A little wikipedia history:
Cork is the second largest city in the Republic of Ireland and the island of Ireland's third most populous city after Dublin and Belfast. It is the principal city and administrative centre of County Cork and the largest city of the province of Munster. The city has a population of 119,143, while the addition of the suburban areas contained in Cork County brings this total to 190,384. Metropolitan Cork has a population of approximately 274,000, while the Greater Cork area is about 380,000. Cork County has the nickname of "the Rebel County", and Corkonians often refer to Cork as the "real capital of Ireland". The River Lee flows through the city, an island in the river forming the main part of the city centre. The city is a major Irish seaport — with quays and docks sited along the broad waterway of the Lee on the city's East side.
You here this a lot: and Corkonians often refer to Cork as the "real capital of Ireland". To be honest, I don't think that the people of Dublin care where the capital actually is, but they love winding up the Cork people about it.
The accent is my favorite part, and wikipedia describes it best:
- Redundant use of the words "like" or "so" to terminate a sentence: e.g. "I don't know him at all, like"

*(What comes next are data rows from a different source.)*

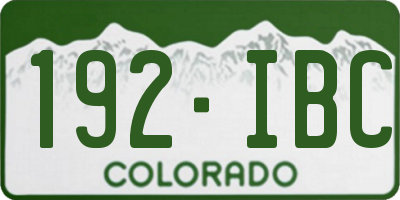 CO license plate 192IBC
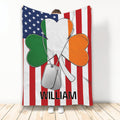 Irish shamrock blanket with green, white, and orange clovers, flag-inspired stripes, and military-style dog tags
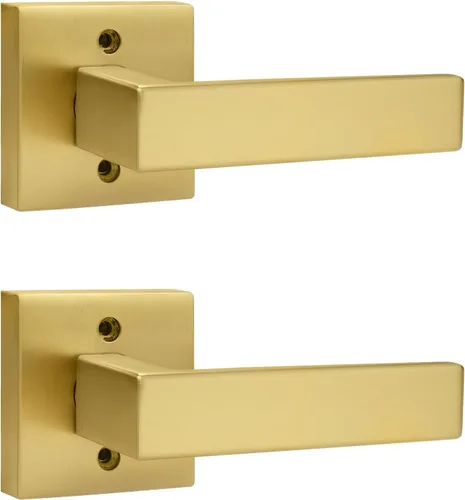 Miniatura 161 de Probrico Paquete de 4 manijas de puerta simuladas en negro mate, manijas interiores que no giran, manijas reversibles resistentes para interiores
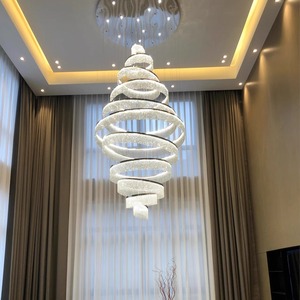 Lámpara Colgante de Cristal en Espiral K9, Moderna y Lujosa, para Escaleras, Vestíbulos de Hoteles y Proyectos de Interiores con Techos Altos - Product Image 5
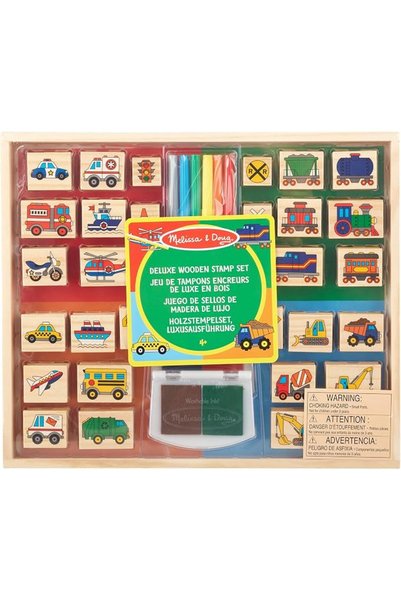 Melissa & Doug MAC ARS Vhcls Dlx Wdn StampSet GML6pkSLD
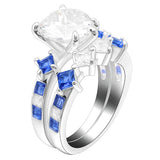 Ufooro Big Stone Zircon Ring Set for Women Wedding Engagement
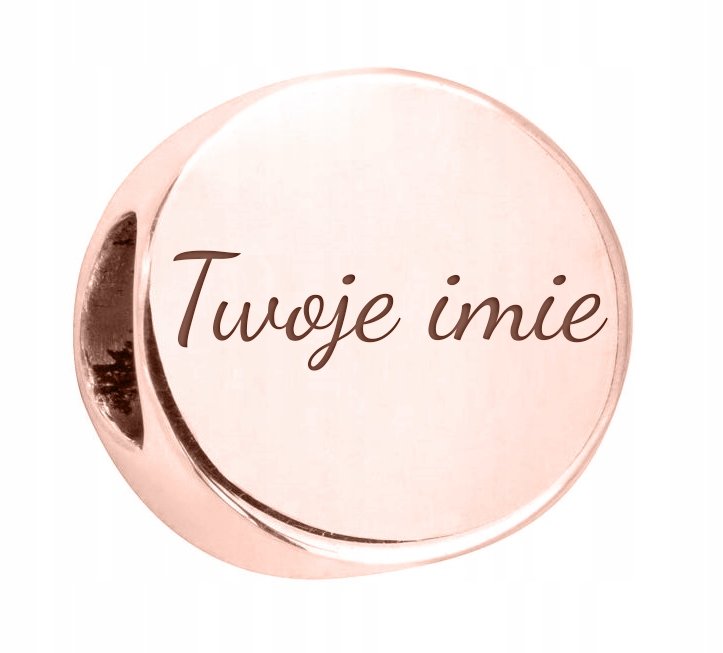 Charms Twoje Imię różowy srebro 925 + GRAWER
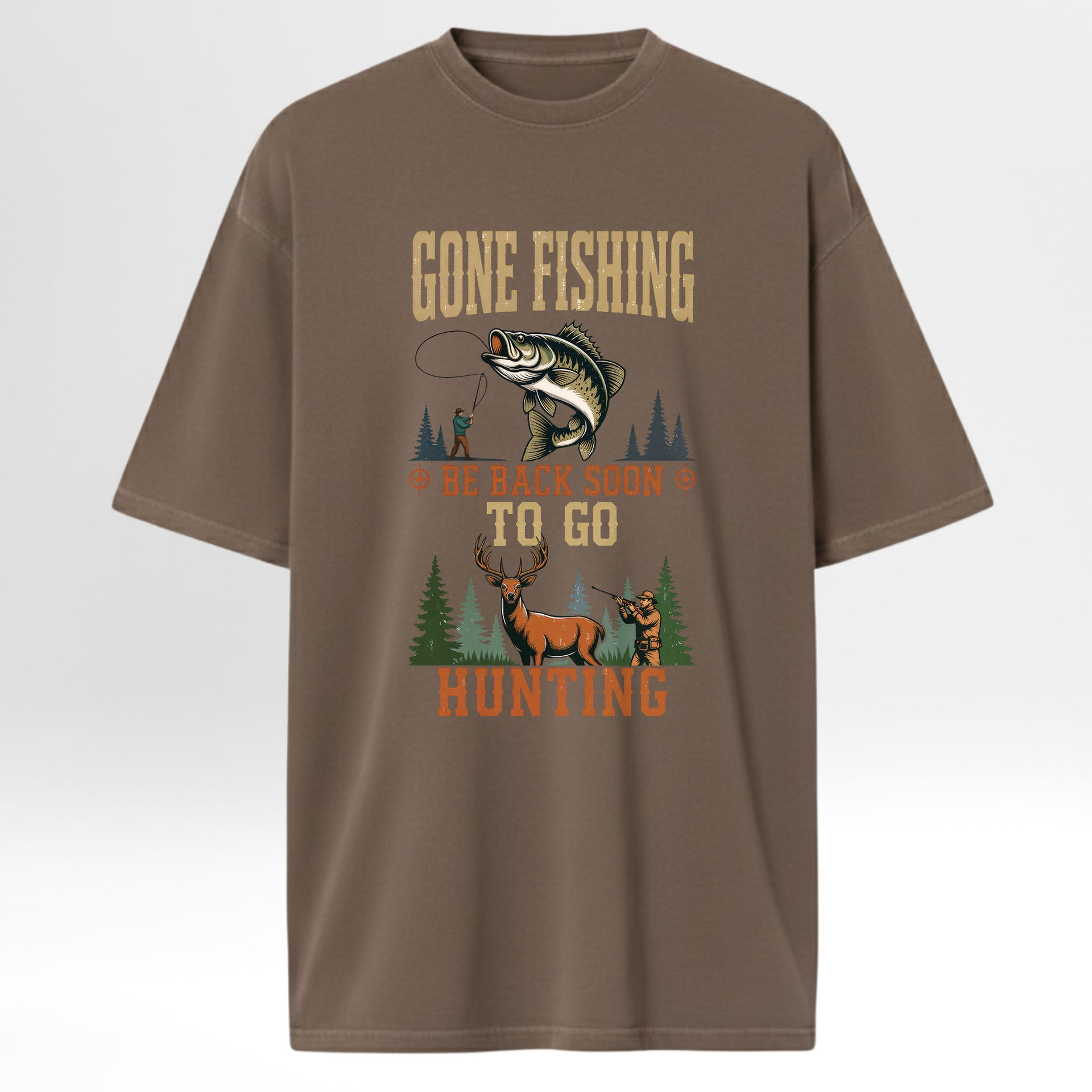 Brown hunting t-shirt with fishing and hunting graphic and text 'Gone Fishin' Be Back Soon To Go Hunting'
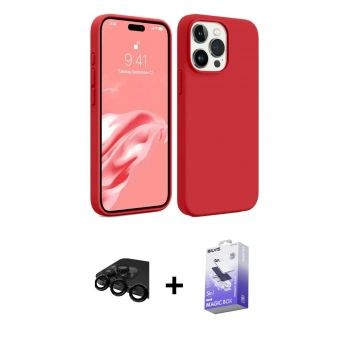 MARSİLYAN™- iPhone 15 Pro Max Kılıf Kozmos Yansıma Özel Seri - Siyah Bilvis 5in1 5D Magic Hayalet Cam Ekran Koruyucu + Raze Metal Kamera Lens - SH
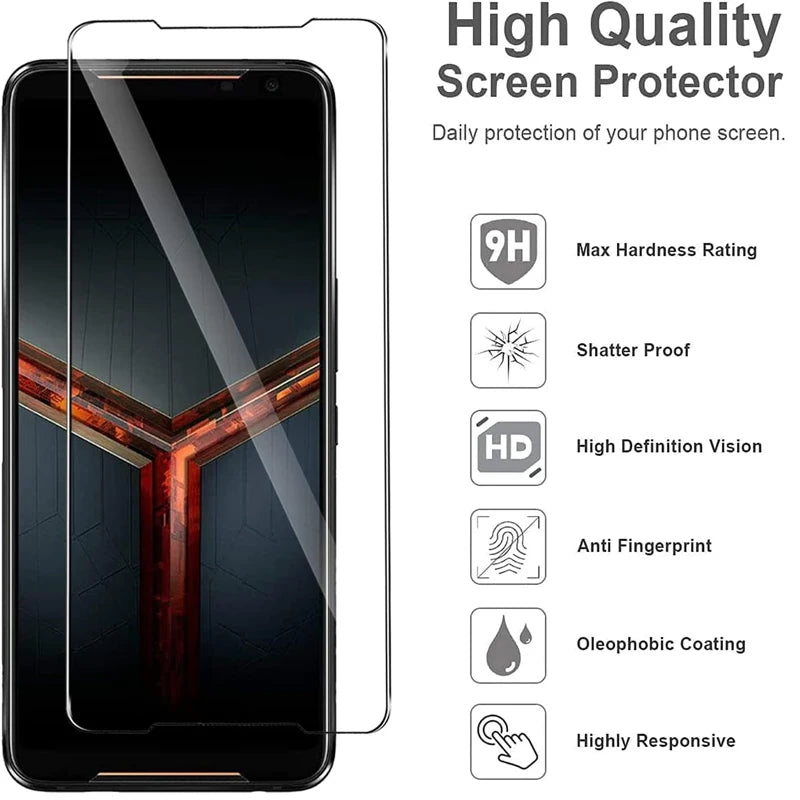 A clear tempered glass screen protector for a smartphone, highlighting features like 9H hardness, shatter proof, HD vision, a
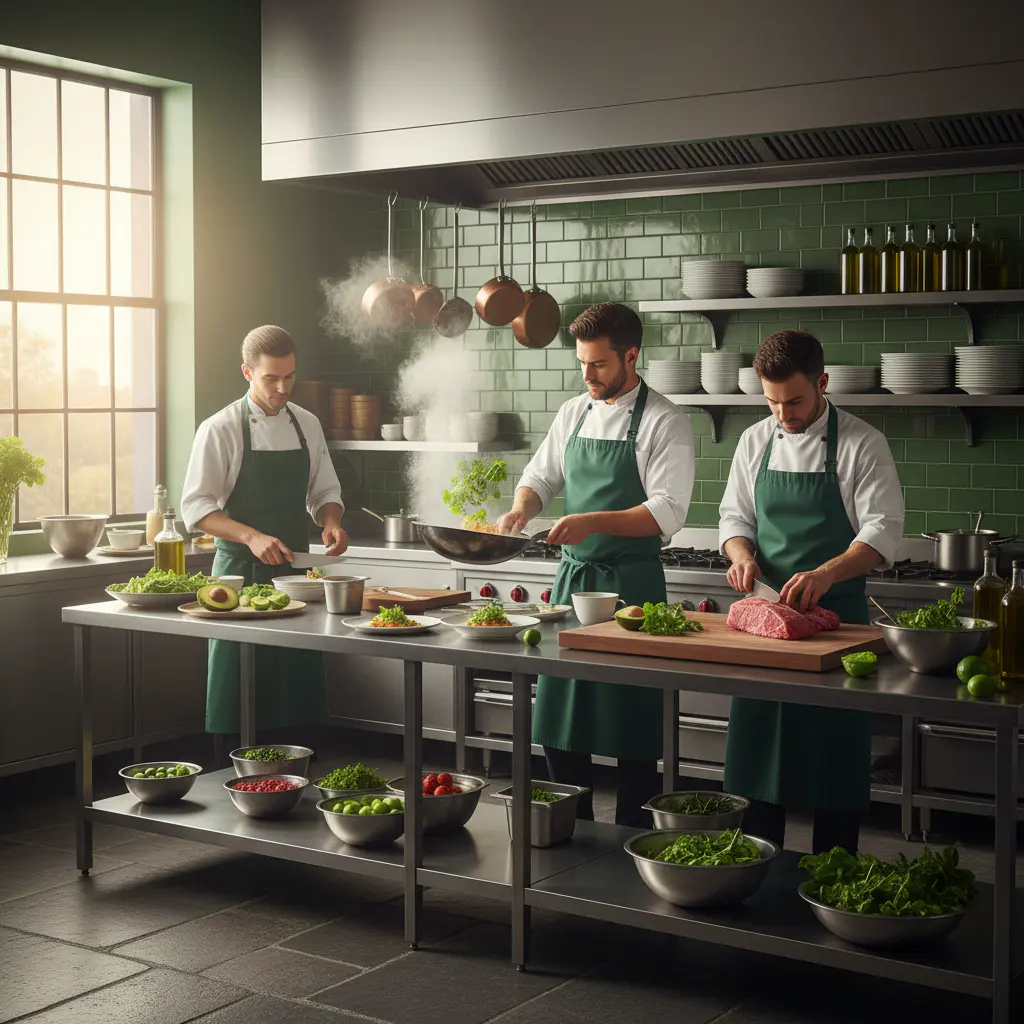Chefs cooking meals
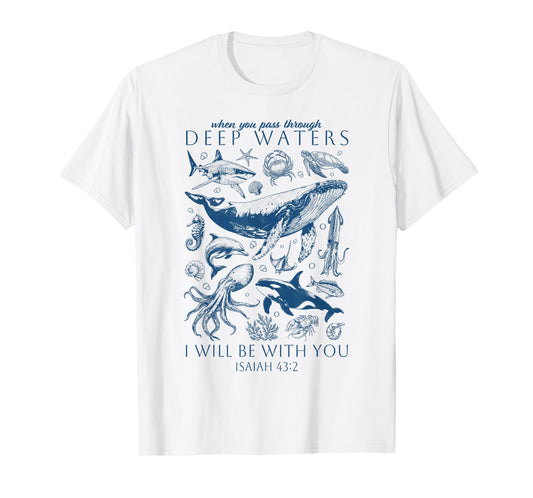 Christian Ocean Marine Sea Life Jesus Bible Verse Scripture T-Shirt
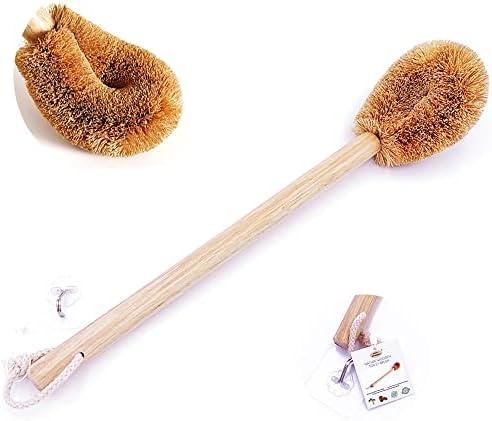 Updated Modern Version Toilet Bowl Brush, Natural Coconut Fiber Brush Head and Beechwood Handle for Bathroom Toilet - Sturdy, Deep Cleaning, Eco-Friendly, Toilet Cleaning Brush with Hanging Hook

- Use of the words "boy" (often pronounced "by") and girl, to address each other, even into adulthood, e.g. "Come here to me, boy"
As an American, I have about a 20% shot at understanding anything that they say. Makes it fun. It's a whole other world over there.
We were there for a black tie event, but had a chance the following day to walk around the city for an hour or so. I didn't expect much but I was pleasantly surprised. Here's one view:
The streets have the widest sidewalks, which makes the street feel very open even though the buildings are extremely crowded together.
Glad I didn't have to go up that hill! If I had to commute up and down that hill every day, I'd buy a donkey.
The joke is that this is where they burn the Dubliners (spoken from a Dubliner of course):
Yet another picture of a trash can. I may have a problem here. Need to join "obsessed with trash cans anonymous."
If you have to drive for 4 hours, at least you get to look at this:
There's actually an interesting resemblance of this drive to any interstate drive in southern Louisiana: green farm lands, cows, and a random house no closer than 200 yards to the next.